THE HISTORY OF CANT,
OR, THE SECRET LANGUAGE OF VAGABONDS.

Cant and Slang are universal and world-wide.

Nearly every nation on the face of the globe, polite and barbarous, may be divided into two portions, the stationary and the wandering, the civilised and the uncivilised, the respectable and the scoundrel,—those who have fixed abodes and avail themselves of the refinements of civilisation, and those who go from place to place picking up a precarious livelihood by petty sales, begging, or theft. This peculiarity is to be observed amongst the heathen tribes of the southern hemisphere, as well as the oldest and most refined countries of Europe. As Mayhew very pertinently remarks, “it would appear, that not only are all races divisible into wanderers and settlers, but that each civilised or settled tribe has generally some wandering horde intermingled with, and in a measure preying upon it.” In South Africa, the naked and miserable Hottentots are pestered by the still more abject Sonquas; and it may be some satisfaction for us to know that our old enemies at the Cape, the Kafirs, are troubled with a tribe of rascals called Fingoes,—the former term, we are informed by travellers, signifying beggars, and the latter wanderers and outcasts. In South America, and among the islands of the Pacific, matters are pretty much the same. Sleek and fat rascals, with not much inclination towards honesty, fatten, or rather fasten, like body insects, upon other rascals, who would be equally sleek and fat but for their vagabond dependents. Luckily for respectable persons, however, vagabonds, both at home and abroad, show certain outward peculiarities which distinguish them from the great mass of lawful people off whom they feed and fatten. Personal observation, and a little research into books, enable me to mark these external traits. The wandering races are remarkable for the development of the bones of the face, as the jaws, cheek-bones, &c., high crowned, stubborn-shaped heads, quick restless eyes,[1] and hands nervously itching to be doing;[2] for their love of gambling,—staking their very existence upon a single cast; for sensuality of all kinds; and for their use of a CANT language with which to conceal their designs and plunderings.

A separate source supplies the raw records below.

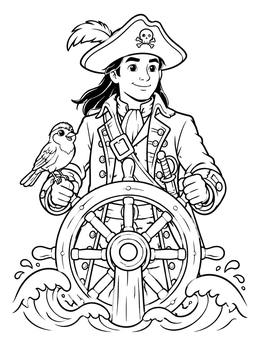 Free printable Pirate Captain With Sparrow Companion coloring page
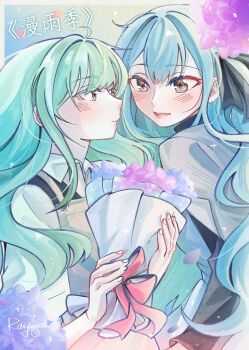 2girls absurdres bang_dream! bang_dream!_it&#039;s_mygo!!!!! blue_hair blush bouquet brown_eyes brown_overalls chinese_commentary chinese_text closed_mouth commentary_request flower green_hair grey_jacket highres holding holding_bouquet hydrangea jacket long_hair multiple_girls overalls parted_lips shirt sidelocks signature togawa_sakiko translation_request wakaba_mutsumi white_shirt yoyoray20001996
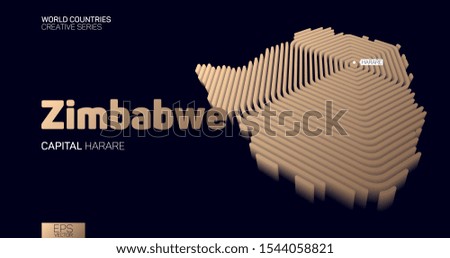 Isometric map of Zimbabwe with golden hexagon lines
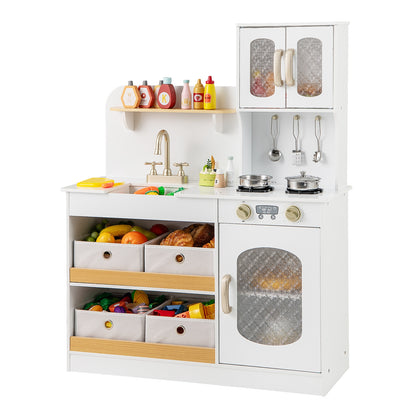 Kids Kitchen Playset With Cooking Accessories, Toy Cuttable Veggies, White Play Kitchen Sets at Gallery Canada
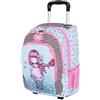 PRESTIGE & DELUXE Zaino Trolley compatibile con Santoro cherry blossom, 2 Scomparti Con Cerniera, Spallacci Imbottiti, Per Bambina, Scuole Elementari + portachiave pailettes e 7 penne multicolore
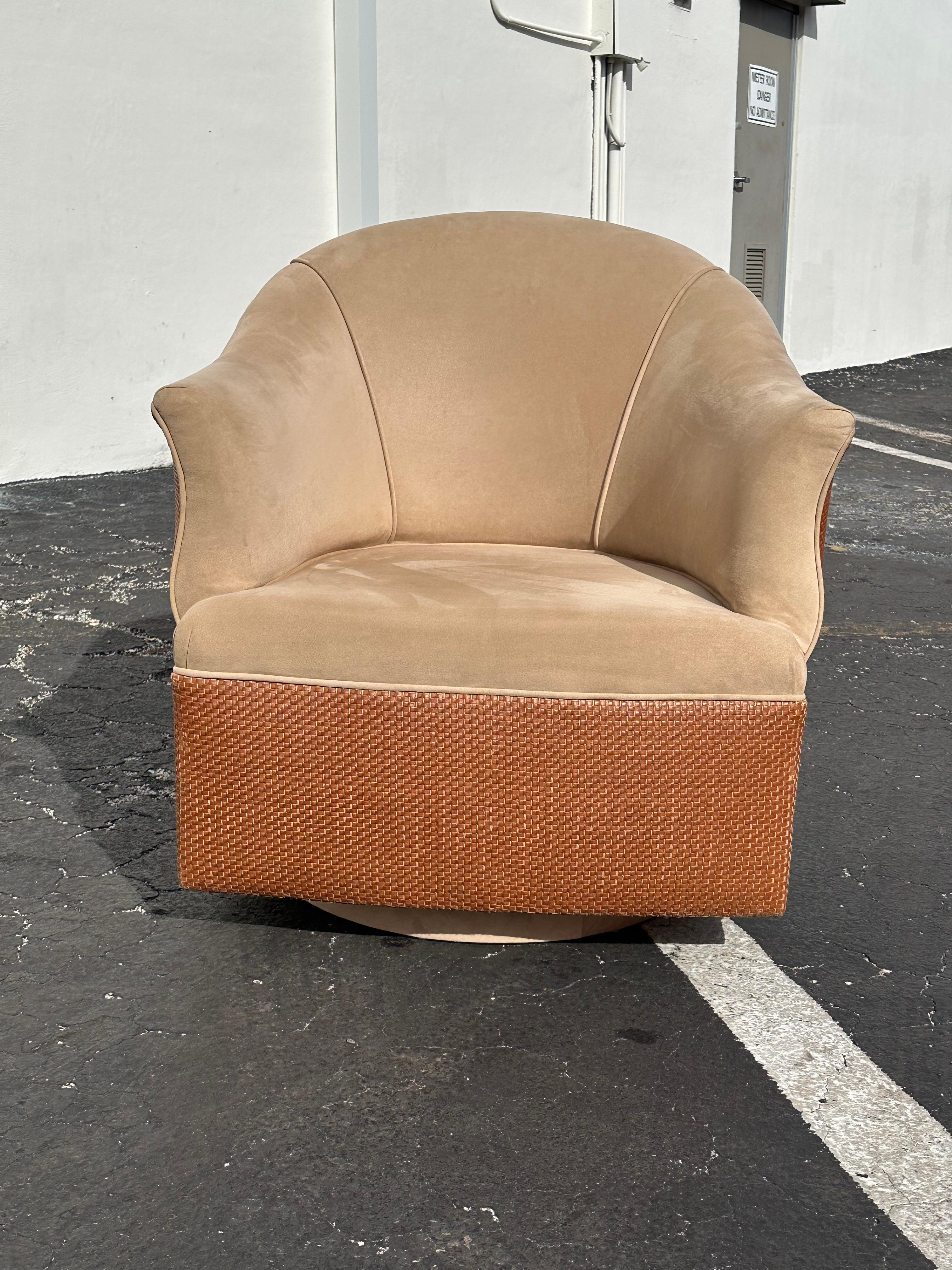 1980s Immaculate Milo Baughman Woven Leather Jute Rope Swivel Chairs, Set of 2 6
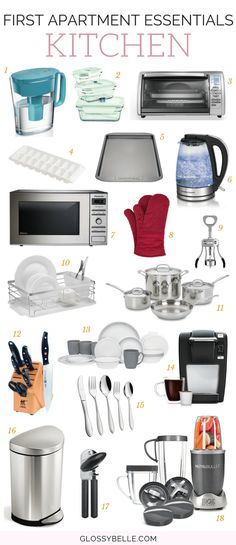 an image of kitchen items that are labeled in the words, first apartment essentials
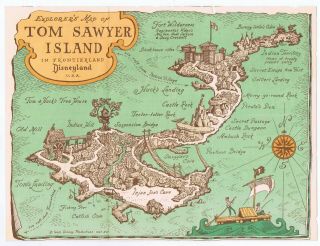 Disneyland Vintage Tom Sawyer Island Map Brochure Folded 1957 Walt Disney Prod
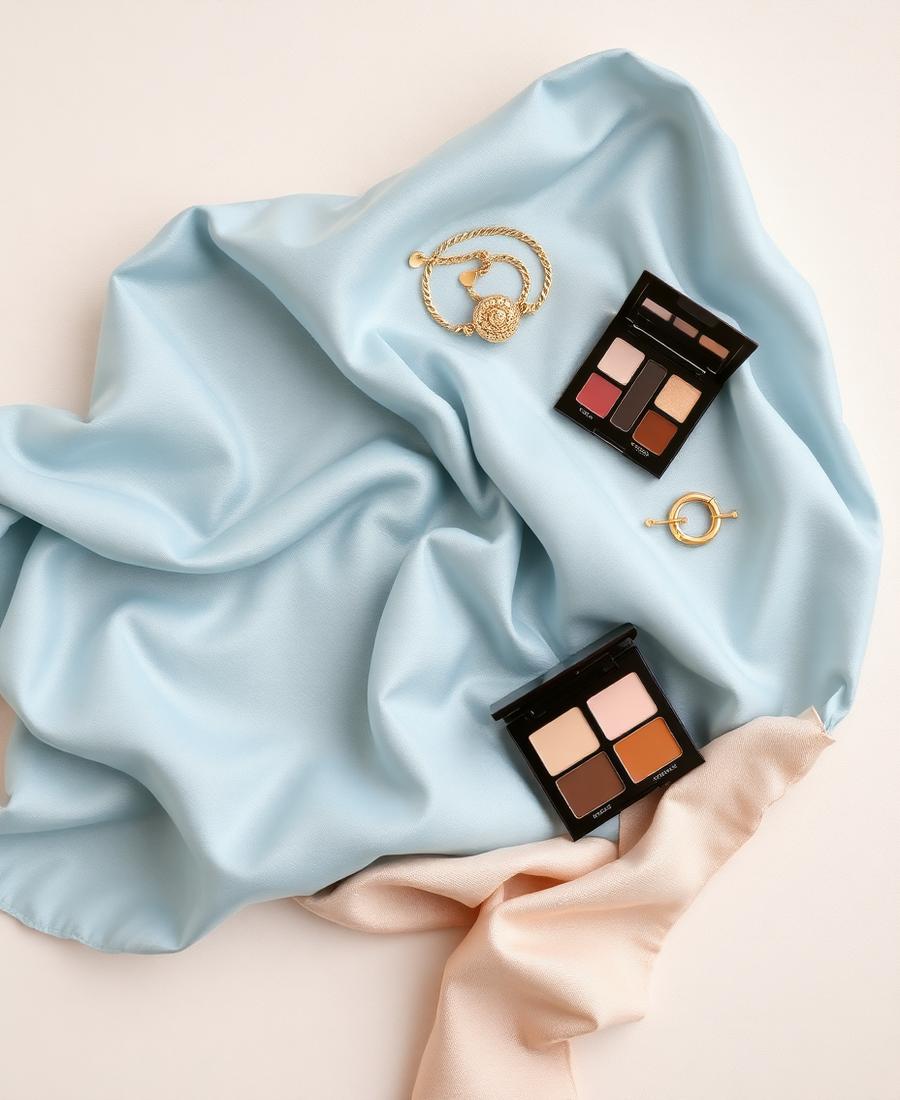Seda celeste, joyería dorada y paletas de maquillaje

The secret jargon, or rude speech, of the vagabonds who hang upon the Hottentots is termed cuze-cat. In Finland, the fellows who steal seal skins, pick the pockets of bear-skin overcoats, and talk Cant, are termed Lappes. In France, the secret language of highwaymen, housebreakers, and pickpockets is named Argot. The brigands and more romantic rascals of Spain, term their private tongue Germania, or Robbers’ Language. Rothwalsch, or Red Italian, is synonymous with Cant and thieves’ talk in Germany. The vulgar dialect of Malta, and the Scala towns of the Levant—imported into this country and incorporated with English cant—is known as the Lingua Franca, or bastard Italian. And the crowds of lazy beggars that infest the streets of Naples and Rome, and the brigands that Albert Smith used to describe near Pompeii—stopping a railway train, and deliberately rifling the pockets and baggage of the passengers—their secret language is termed Gergo. In England, as we all know, it is called Cant—often improperly Slang.

Most nations, then, may boast, or rather lament, a vulgar tongue, formed principally from the national language, the hereditary property of thieves, tramps, and beggars,—the pests of civilised communities. The formation of these secret tongues vary, of course, with the circumstances surrounding the speakers. A writer in Notes and Queries,[3] has well remarked, that “the investigation of the origin and principles of Cant and Slang language opens a curious field of enquiry, replete with considerable interest to the philologist and the philosopher. It affords a remarkable instance of lingual contrivance, which, without the introduction of much arbitrary matter, has developed a system of communicating ideas, having all the advantages of a foreign language.”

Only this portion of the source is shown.